Una retrocessione arrivata a tavolino e non sul campo, decretata ieri con il Consiglio Federale della Figc. Il Tavagnacco, società storica del nostro panorama femminile, lascia la Serie A e scende in Serie B. Un verdetto arrivato in maniera quantomeno amara: le gialloblu si trovavano a 10 punti in classifica, uno in meno del Bari, conquistati in 16 partite, con penultimo posto in graduatoria (QUI LA CLASSIFICA FINALE). Non ci sarà la possibilità di riprendere il campionato né di disputare eventuali playout e l’algoritmo ha penalizzato proprio le friulane, ma da Udine non ci stanno e il Vicepresidente Domenico Bonanni ai nostri microfoni si dice quantomeno sorpreso della decisione. Ecco le sue parole in esclusiva a Donnenelpallone.com:

Come avete preso la retrocessione?
“È stata un’enorme sorpresa, viso he la Figc stava facendo veramente di tutto per chiudere il campionato sul campo e per far disputare plaoff e play-out. La cosa fondamentale era che si allontanavano le date delle gare ed aumentavano le settimane di allenamento, misura importante anche contro il rischio infortuni. Sarebbero state solo due partite a squadra per concludere la stagione”.

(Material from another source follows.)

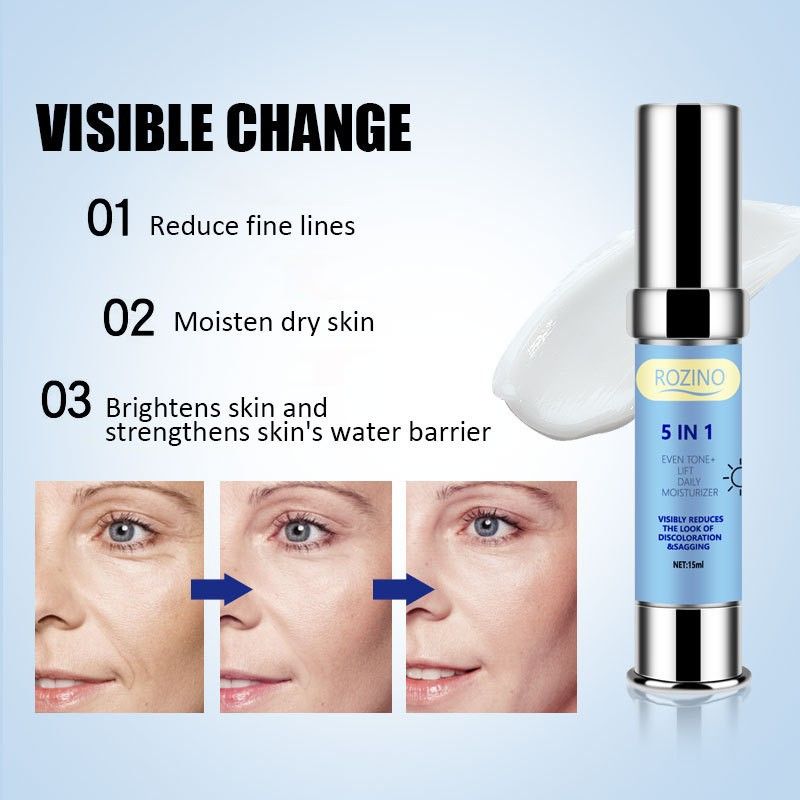 Daily moisturizing, nourishing, tender, firm and brighten skin, fade fine lines, 5 in 1 daily face cream_voghion.com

Era davvero insostenibile a livello economico una ripartenza?
“Assolutamente no, la Figc ha fatto proposte ragionevoli a fronte di un protocollo gradualmente alleggerito. Erano disponibili 50.000 euro, sarebbero anche stati anticipati il 50% dei ricavi team. Quei soldi, con tamponi comprati dalla Federazione e laboratori scelti appositamente per ripartire, sarebbero stati un ottimo percorso per concludere il campionato. Con playoff e playout sarebbe stato ancora meglio, vista la possibile utilizzazione della struttura di Coverciano, una sola andata in una struttura super-protetta a fine luglio e con tutti i costi a loro carico. Credo che le pressioni dell’Aic abbiano spinto in un’altra direzione”.

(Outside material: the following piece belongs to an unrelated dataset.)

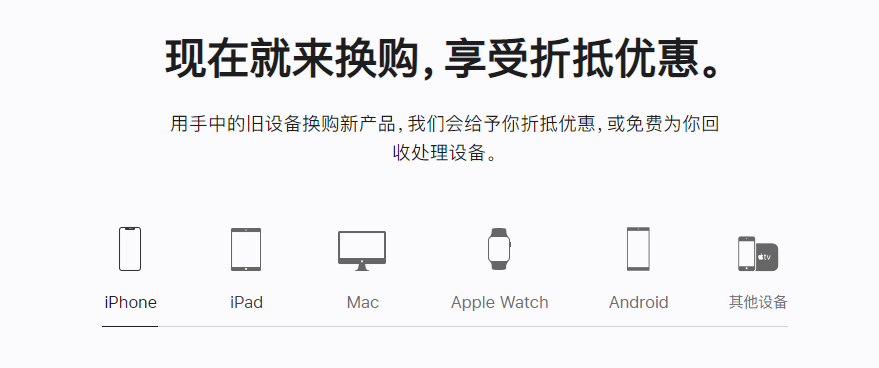 小榄镇苹果手机维修分享iPhone以旧换新的去处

La posizione del Tavagnacco qual era?
“Assolutamente quella di terminare il campionato sul campo. Noi in assemblea del 4 giugno siamo stati fra coloro che si sono schierati per la ripartenza. Stessa posizione anche per concludere con playoff e playout”.

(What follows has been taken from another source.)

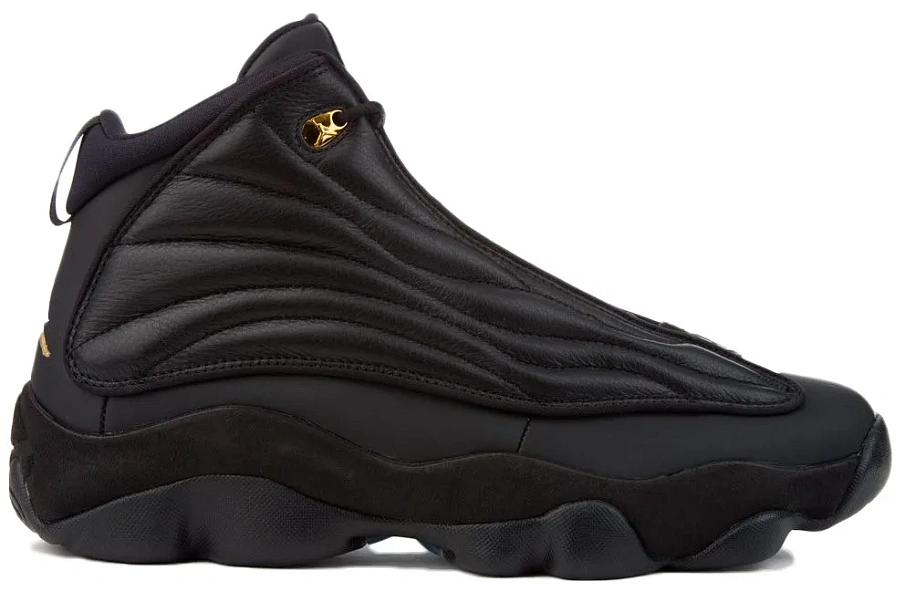 Фото № 1 с приближением к товару «‎Jordan Pro Strong Black Metallic Gold»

Ci dobbiamo aspettare un ricorso?
“Non lo posso confermare. Dico solo che all’89’ della gara di Empoli avevamo scavalcato il Bari e raggiunto il Verona, avremmo potuto giocarcela. Se uno guarda com’è andata e fotografa la classifica, si capisce subito chi era contrario a ripartire… Penso che sarà una lunga estate, anche se per noi la sarà a prescindere: cambierà la struttura di squadra e mi chiedo quali delle nostre ragazze che avevano deciso di votare per non giocare avrebbero pensato di finire in serie B”.

Il percorso verso il professionismo subisce un’ulteriore battuta d’arresto?
“Abbiamo chiesto un protocollo uguale ai maschi e lo abbiamo ottenuto. Ora i maschi si stanno preparando per giocare, chi non aveva risorse ha chiesto aiuto ed è arrivato, è una sciocchezza dire che c’è chi ha preso poco e chi tanto. Al professionismo si andava incontro attraverso il decreto Cura Italia, non riesco a capire. Siamo passati dal voler essere professionisti al ‘abbiamo paura di farci male e quindi non giochiamo’. Siamo andati avanti per slogan o comunicati”.